HONG KONG - For handlers of AIG's massive IPO of its Asian life insurance unit, getting investors to recognize the name and the size of the business is the easy part.
A more difficult task will be assigning the right valuation to the company, and to do so before the region's equity markets fall further.
The planned size of American International Assurance's (AIA) Hong Kong IPO has ballooned, from around $5 billion a year ago to more than $10 billion. Some reports say it may raise $20 billion.
AIA's IPO plans grew as Hong Kong and China's stock markets surged in the second half, boosting valuations of the region's insurance companies with them.
While AIG suffered a near collapse and a U.S. government bailout, AIA has kept its crown jewel reputation intact.
Hong Kong-based AIA manages more than $60 billion of assets and provides coverage to about 20 million customers throughout Asia, or close to a third of AIG's total customer base.
But putting an exact price tag on AIA may be more difficult than it looks.
As a regional insurer, AIA stands apart from other IPOs in the industry. Still, for Asia focused investors wanting to bet on the industry's growth prospects, they're spoiled for choice at the moment.
Korea Life, the country's No.2 life insurer, plans to raise up to $2 billion next month, while Dai-ichi Mutual Life Insurance is set to kick off an offering that could value Japan's second-largest life insurer at up to $22 billion.
Markets are also working against AIA's IPO timing. MSCI's index of Asian stock markets outside Japan .MIAPJ0000PUS is down 6.5 percent this year. That means selling IPOs is only getting tougher, as seen in the dismal openings lately of some highly touted Hong Kong deals.
With markets down, will AIA attract a valuation on par with China's top insurers? That's the $10 billion question.
Asia is home to just a handful of big listed insurers, led by China Life Insurance and rival Ping An Insurance -- the world's two most valuable life insurers by market capitalization -- and Taiwan's Cathay Financial Holdings.
Whether using embedded value -- the life insurance industry's most important measuring stick -- or price to earnings multiples, AIA's Chinese peers trade at lofty levels. That will be a key factor for investors when determining the IPO price and the total worth of the company.
AIA appears to be on track to earn $1.2 billion after taxes, Credit Suisse said in a research note. Emerging market Chinese insurers trade at a multiple of 27 times price to earnings (P/E), while developed market insurers trade on average at a 15 times P/E multiple. Using a blended multiple of 22 times for AIA, the bank says AIA could be worth a total of around $30 billion.

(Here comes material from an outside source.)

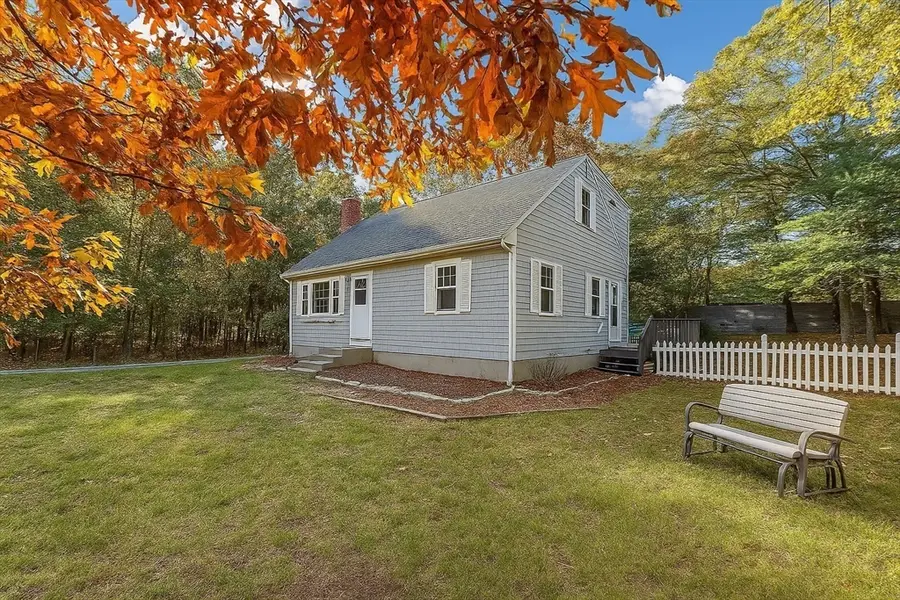 49 Saint Marks Rd, Falmouth Town, MA 02536 - Image #3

Companies usually sell around 25 percent of themselves to public shareholders in an IPO.
Despite AIA's move to break free from AIG, Credit Suisse and others are also factoring in concerns investors may have with associating the Asian life insurance group with its troubled parent.
AIA declined to comment for this article.
China represented about 10 percent of earnings in AIA, according to the Credit Suisse report. Overall, the mix between developed markets, including Hong Kong, Singapore and Korea and growth emerging markets, including China and Malaysia, is about 55 percent and 45 percent, respectively, the report said.
The growth rate of AIA in developed markets, such as Hong Kong, Singapore and Korea, will slow down as the penetration rate of life insurance in these countries is already high, said an insurance industry analyst who was not allowed to be identified.
Given AIG's long history in the region and AIA's leading position as a pan-Asia insurer, the company will have little trouble attracting institutional and retail investors.
But some analysts wonder about AIA's growth prospects in China's insurance market, where domestic competition is extremely fierce, and business development is famously slow.
Though AIA is the only foreign life insurer to operate a 100 percent-owned unit in China, it had only 1 percent market share in 2008 while No.1 China Life Insurance had 42.7 percent market share, according to China Insurance Regulatory Commission data. AIA is also the largest foreign insurer in China.
AIA faces tough domestic competition in other markets too, battling bank backed-life insurance firms with extensive networks.
There is little doubt AIA has a great story to tell. The question is whether the company's valuation and growth prospects match the region's other top insurers, and whether Asia's stock markets can hold up until the IPO hits.